### Work order:
From the first line to the last, return the data exactly, with no pictures.

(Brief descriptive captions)
::::::::::
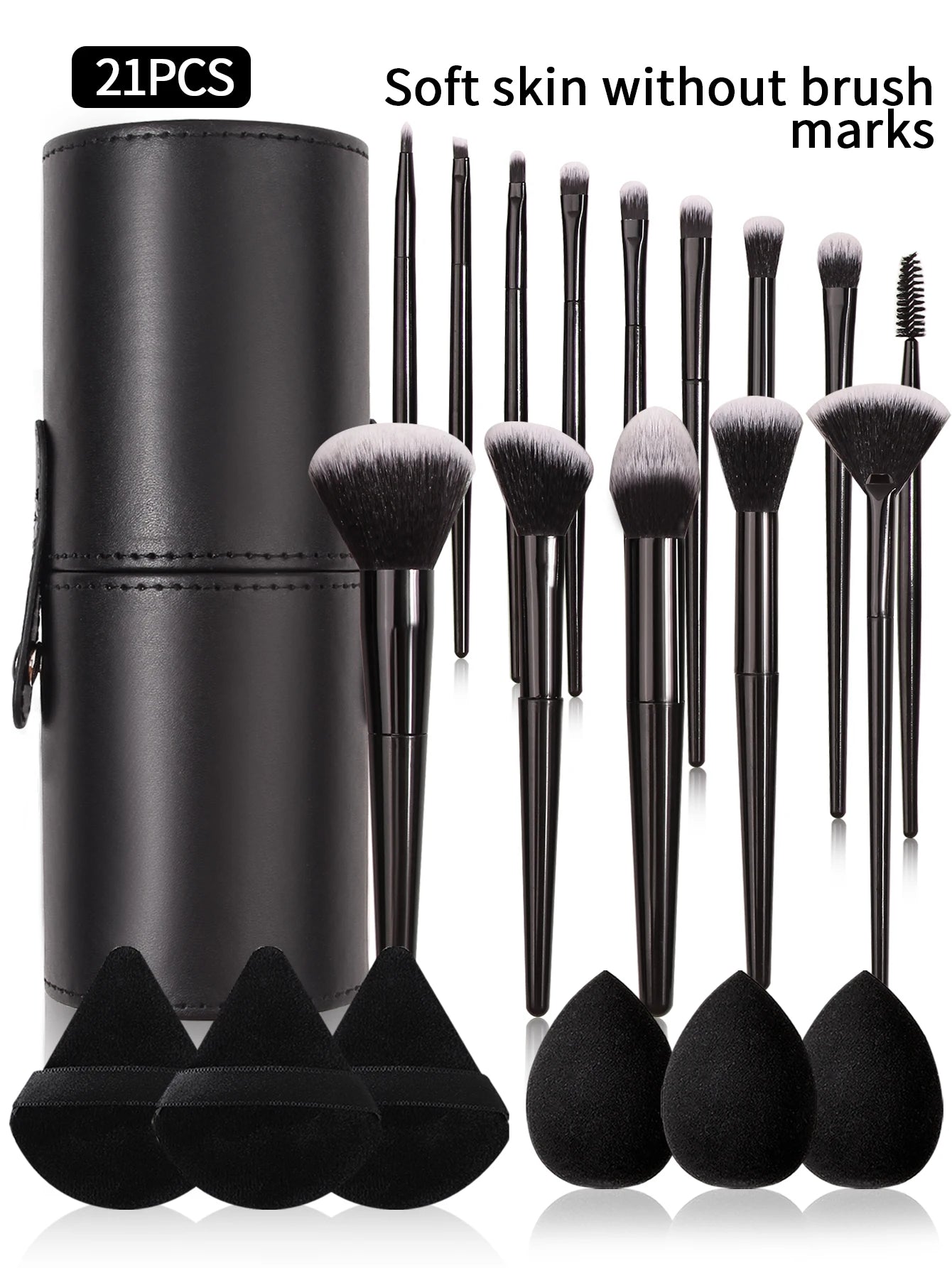 Soft Makeup Brush Set 21pcs - Beauty Bae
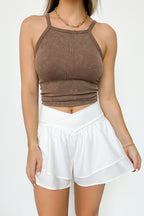 Bright Disposition Ruffle Flowy Athletic Shorts - FINAL SALE - Madison and Mallory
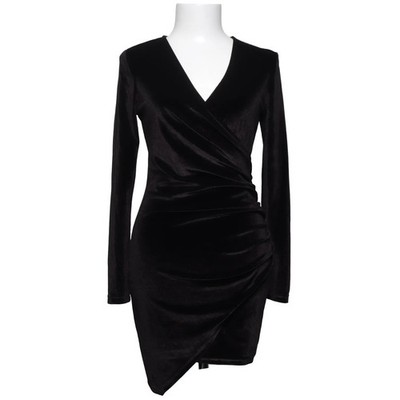 Shein, Cocktailkleid, Größe: 34, Schwarz, Elasthan/Polyester, Einfarbig #qjz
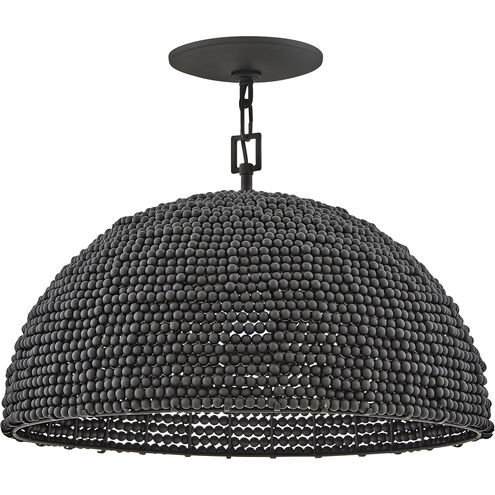 Dalia LED 20 inch Black Pendant Ceiling Light, Pendant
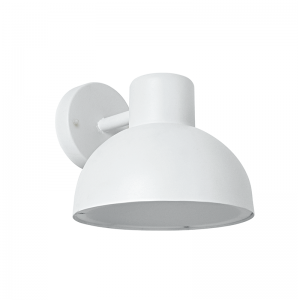 ΛΕΥΚΟ ΕΠΙΤΟΙΧΟ ΦΩΤΙΣΤΙΚΟ BERO 1XE27 MAX.10W LED IP44 ΜΕ ΟΠΑΛ PC ΚΑΛΥΜΜΑ..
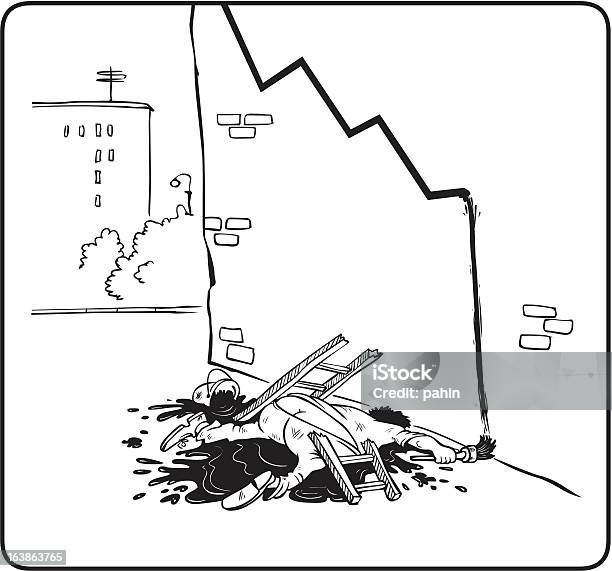 Caduta Del Dow Jones - Immagini vettoriali stock e altre immagini di Affari - Affari, Cadere, Concetti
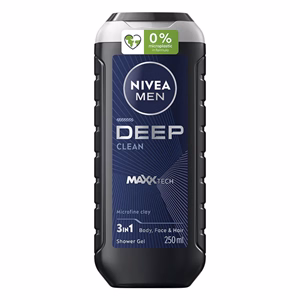 Tusfürdő NIVEA MEN deep 250 ml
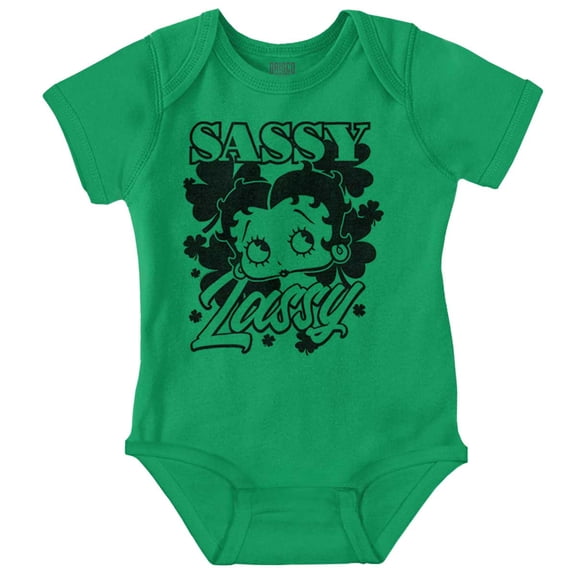 Betty Boop Saint Paddys Sassy Lassy Bodysuit Jumper Girls Infant Baby Brisco Brands 12M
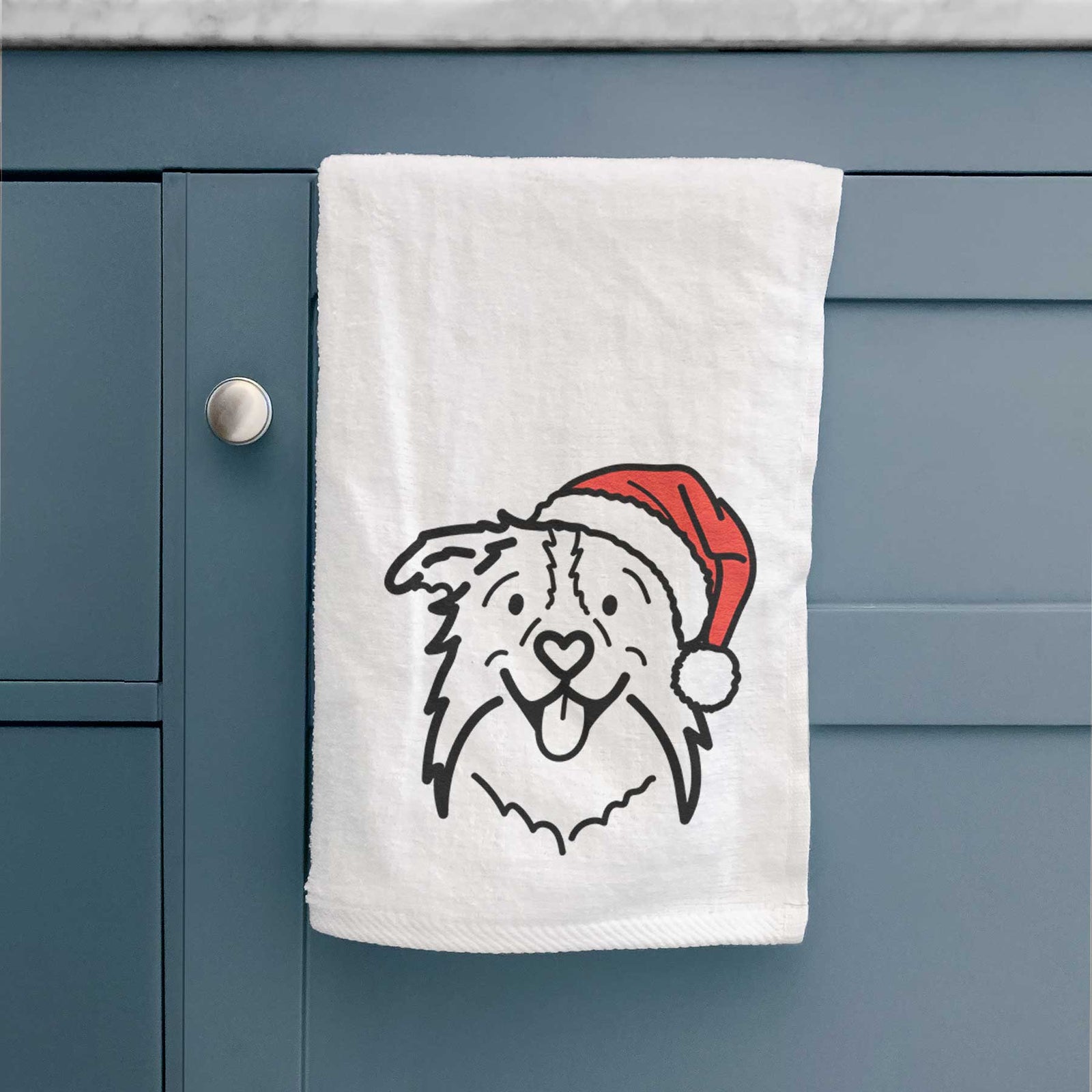 Jolly Border Collie - Cricket - Decorative Hand Towel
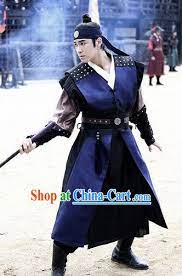 Ancient Korean Knight Costumes Korean Warrior Dress And Headwear Complete Set For Men Ancient Korean Clothing Korean Outfits Traditional Outfits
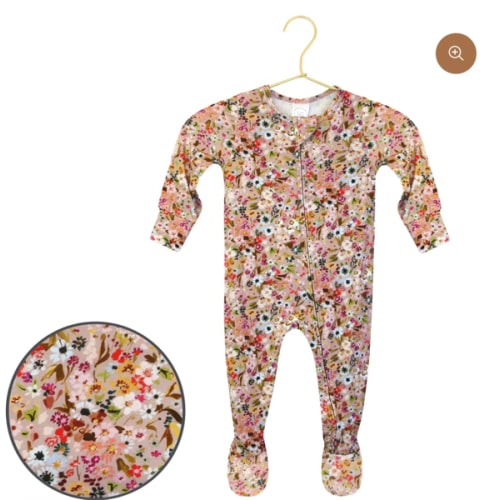 Penelope Zipper Footies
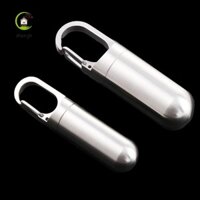 Shenjin Thuốc Thuốc Hộp Kín Ống Hình Treo Khóa Thép Không Gỉ Nam Móc Khóa Viên Nang Người Tổ Chức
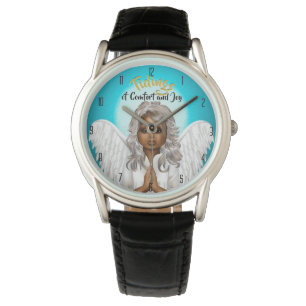 African American Praying Angel Watch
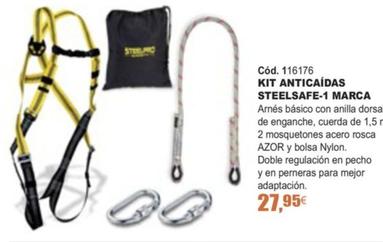 Oferta de Kit Anticaídas Steelsafe-1 Marc por 27,95€ en Ferrcash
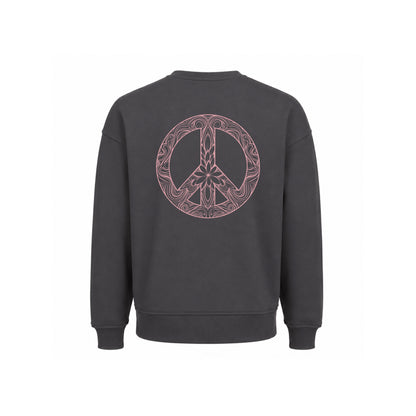 Basic Oversized Sweater Dark grey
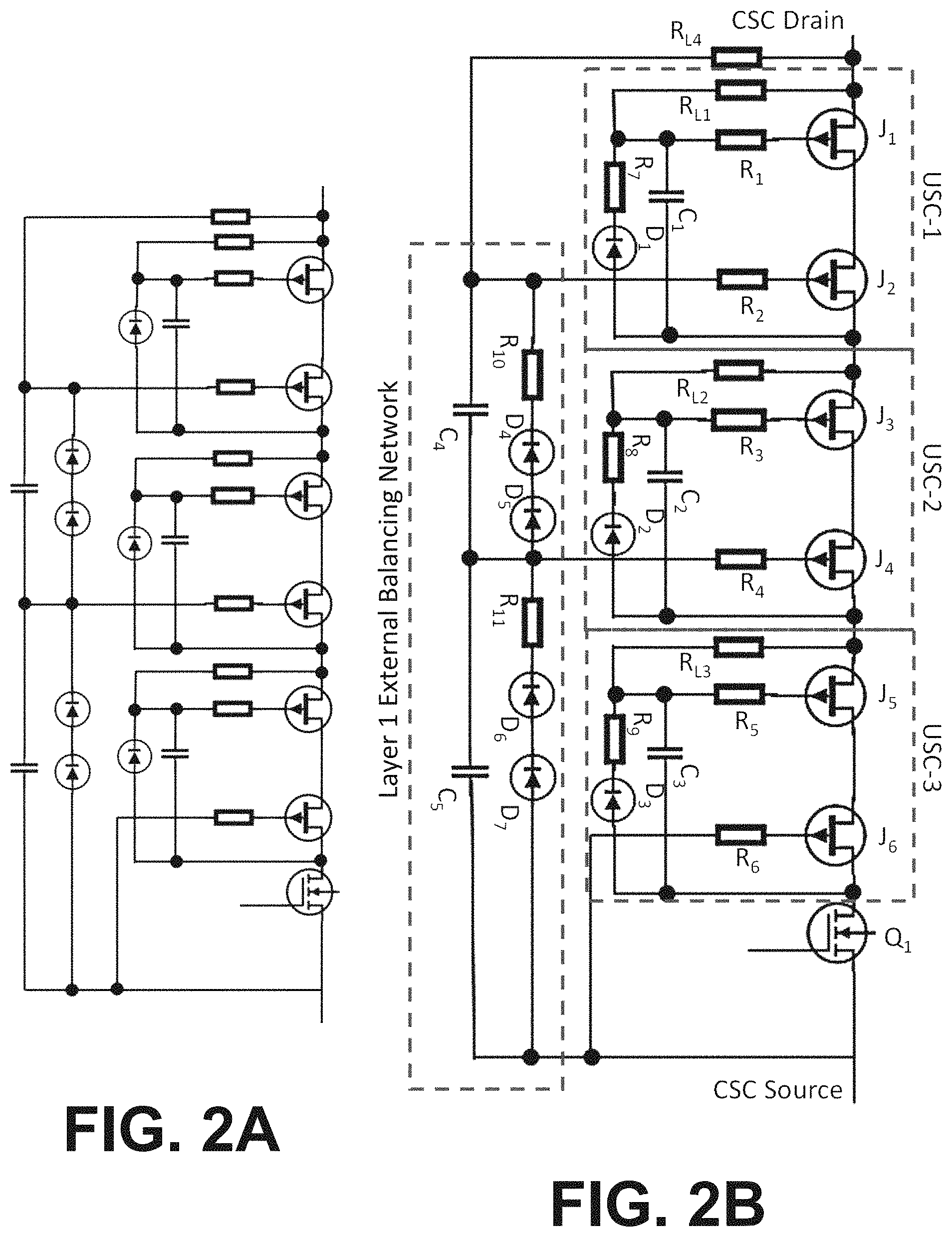 Patent US11784641 Figure 3 – High voltage cascaded supercascode power switch
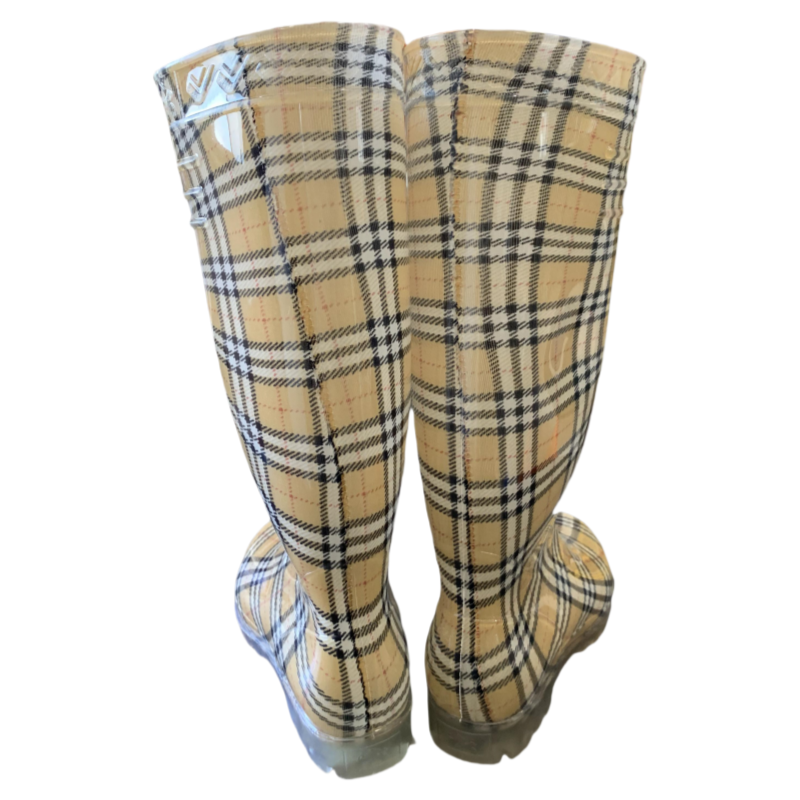 Fashion Ladies Long Rubber Boots Slip Transparent lightweight customized camouflage Rain Boots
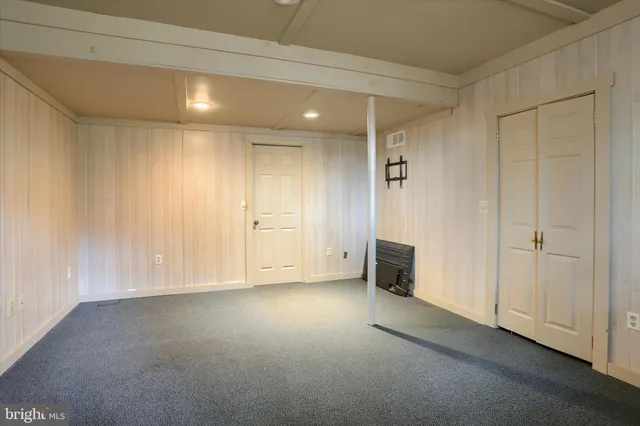 a view of an empty room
::::::::::
### Solution to this exercise:
 Soft Makeup Brush Set 21pcs - Beauty Bae
 Bright Disposition Ruffle Flowy Athletic Shorts - FINAL SALE - Madison and Mallory
 Shein, Cocktailkleid, Größe: 34, Schwarz, Elasthan/Polyester, Einfarbig #qjz
 Dalia LED 20 inch Black Pendant Ceiling Light, Pendant
 ΛΕΥΚΟ ΕΠΙΤΟΙΧΟ ΦΩΤΙΣΤΙΚΟ BERO 1XE27 MAX.10W LED IP44 ΜΕ ΟΠΑΛ PC ΚΑΛΥΜΜΑ..
 Caduta Del Dow Jones - Immagini vettoriali stock e altre immagini di Affari - Affari, Cadere, Concetti
 Tusfürdő NIVEA MEN deep 250 ml
 Betty Boop Saint Paddys Sassy Lassy Bodysuit Jumper Girls Infant Baby Brisco Brands 12M
 Jolly Border Collie - Cricket - Decorative Hand Towel
 Ancient Korean Knight Costumes Korean Warrior Dress And Headwear Complete Set For Men Ancient Korean Clothing Korean Outfits Traditional Outfits
 Penelope Zipper Footies
 Shenjin Thuốc Thuốc Hộp Kín Ống Hình Treo Khóa Thép Không Gỉ Nam Móc Khóa Viên Nang Người Tổ Chức
 African American Praying Angel Watch
 Oferta de Kit Anticaídas Steelsafe-1 Marc por 27,95€ en Ferrcash
 Basic Oversized Sweater Dark grey
 Patent US11784641 Figure 3 – High voltage cascaded supercascode power switch
 Fashion Ladies Long Rubber Boots Slip Transparent lightweight customized camouflage Rain Boots
 a view of an empty room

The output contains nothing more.